The attorneys for an Evergreen teenager convicted of double murder presented their case for a new trial last week, citing new evidence from a previously unknown witness and pieces of the prosecution’s closing arguments as grounds for their motion.

Justine Winter, 18, appeared before District Court Judge Katherine Curtis on May 24 for a hearing in which her attorneys requested that the judge either grant a new trial or modify the outcome of the previous trial, whether that be by finding Winter guilty of a lesser charge or not guilty at all.

In February, a jury found Winter guilty of intentionally driving her car across the centerline of U.S. Highway 93 in March 2009, striking Erin Thompson’s car. Thompson, 35, and her son Caden Odell, 13, were killed in the crash.

Winter was convicted of two counts of deliberate homicide after a two-week trial.

Her attorneys, Max Battle and David Stufft, asserted that the prosecution’s key witness in the trial, Richard Poeppel, was not the first person on the scene of the crash, despite his trial testimony otherwise.

Battle called the defense’s new witness, Dan DeCoite, to the stand during the May 24 hearing. DeCoite, from Florence, said he was leaving dinner outside of Kalispell and ready to head south on Highway 93 when Winter’s car zipped past him.

He did not see the crash, but DeCoite said he rushed on to the scene and tried to help the injured victims in the cars. Emergency personnel replaced him, and DeCoite left the scene.

During the February trial, Poeppel testified that while traveling northbound on Highway 93 behind Thompson’s car, he saw Winter swerve across the centerline in her Pontiac and hit Thompson’s Subaru.

Poeppel also told the jury that he held Thompson when she died.

DeCoite said he was the first one to reach the Subaru, though he noticed another man at the scene, but he could not say whether it was Poeppel. He also said he did not contact law enforcement about his experience until the jury reached its verdict last February.

Stufft told Curtis that Flathead County Attorney Ed Corrigan was wrong to vouch for Poeppel’s testimony in light of DeCoite’s information.

However, Flathead County Deputy County Attorney Lori Adams contended that DeCoite’s testimony would not have changed the outcome of the trial, and therefore was not grounds for any changes.

“So you can give us nothing about how the accident happened because you didn’t see it?” Adams asked DeCoite.

“Yes ma’am,” he replied.

Winter’s defense team offered several other reasons for a new trial, including quoting pieces of Corrigan’s closing arguments from trial, particularly when he said Winter was a teenager who acted compulsively in the heat of the moment.

Stufft argued that Winter was unaware of the consequences of her actions and did not have the intent to kill anyone, so she should not be convicted of deliberate homicide.

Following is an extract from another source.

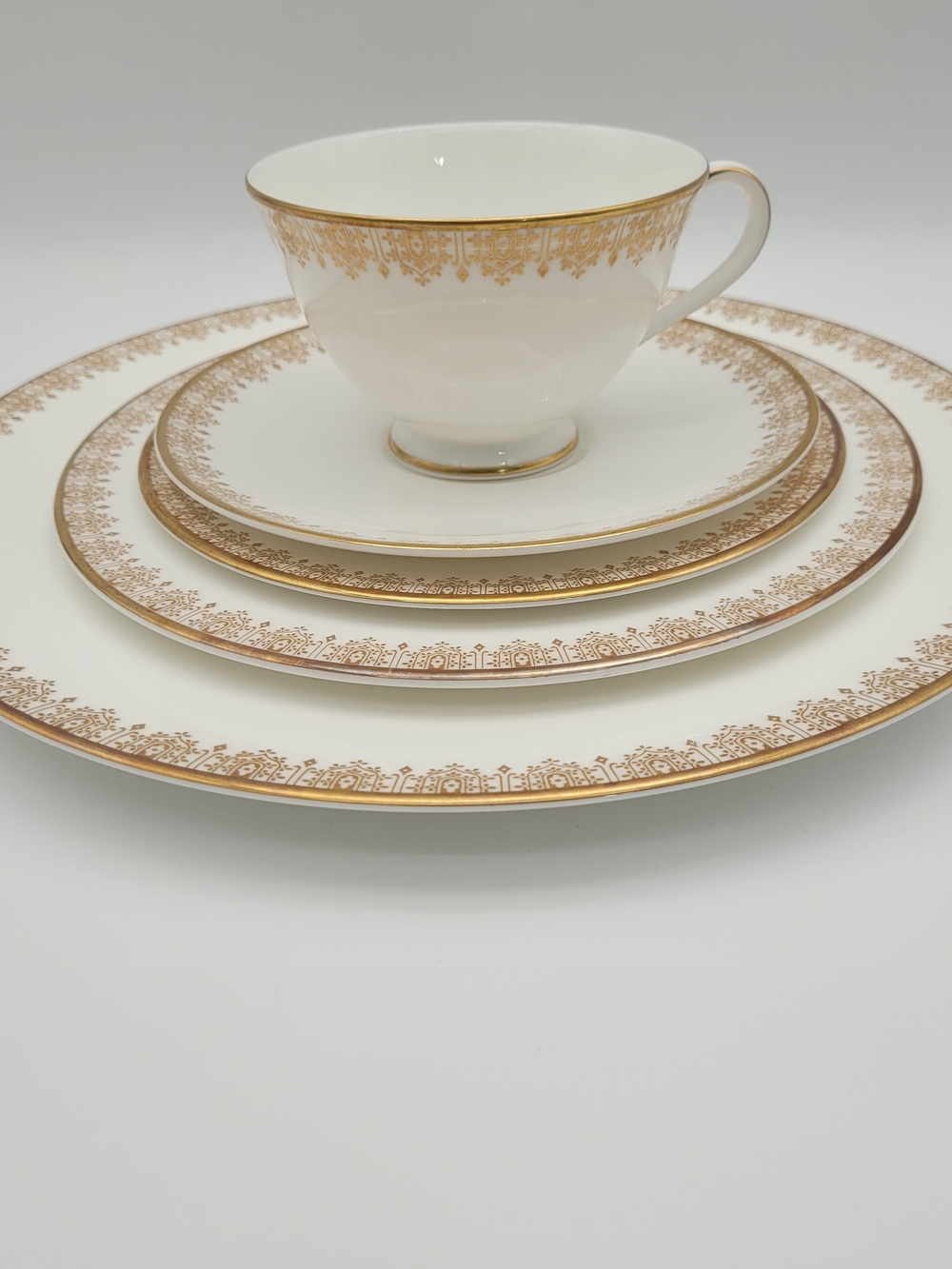 Royal Doulton White and Gold Trim Teacup Dinner Salad Plates Gold Lace H4989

However, Adams countered that the defense was taking Corrigan’s statements out of context, and when read as a whole they show that Corrigan was telling the jury that Winter drove her car into oncoming traffic knowing it was dangerous behavior.

The defense also contended that the prosecution changed its theory during trial and that Winter was denied her right to have the jury informed of the maximum sentence she faced.

Curtis said she would make a decision on the defense’s motion by the next week.

“I expect you all to continue your preparations for sentencing,” Curtis said. Winter’s sentencing is scheduled for June 6.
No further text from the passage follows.